# BigQuery_Table_Data_Source

### Source Data
##### Overview

This notebook imports source data for this project into Google BigQuery. All the remaining notebooks utilize BigQuery as the source and leverage API's native to the machine learning approaches they feature.

In the enviornment setup notebook (00), a BigQuery source table was exported to CSV format in a Cloud Storage Bucket. This notebook, 01 - BigQuery - Table Data Source, starts the machine learning lifecycle by importing source data and preparing it for machine learning.

All of these workflows utilize tabular data to fit a supervised learning model: predict a target variable by learning patterns in feature columns. The type of supervised learning used in these projects is classification: models with a target variable that has multiple discrete classes.

##### The Data

The source data is first exported to Google Cloud Storage in CSV format below. The BigQuery source table is bigquery-public-data.ml_datasets.ulb_fraud_detection. This is a table of credit card transactions that are classified as fradulant, Class = 1, or normal Class = 0.

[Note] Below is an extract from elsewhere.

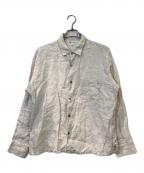 MOTOモト）の古着「フレンチリネンシャツ」｜ベージュ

- The data can be researched further at this Kaggle link.
- Read mode about BigQuery public datasets here

##### Description of the Data

This is a table of 284,807 credit card transactions classified as fradulant or normal in the column Class. In order protect confidentiality, the original features have been transformed using principle component analysis (PCA) into 28 features named V1, V2, ... V28 (float). Two descriptive features are provided without transformation by PCA:

- Time (integer) is the seconds elapsed between the transaction and the earliest transaction in the table
- Amount (float) is the value of the transaction

##### Quick Note on PCA

- PCA is an unsupervised learning technique: there is not a target variable. PCA is commonlly used as a variable/feature reduction technique. If you have 100 features then you could reduce it to a number p (say 10) projected features. The choice of this number is a balance of how well it can explain the variance of the full feature space and reducing the number of features. Each projected feature is orthogonal to each other feature, meaning there is no correlation between these new projected features.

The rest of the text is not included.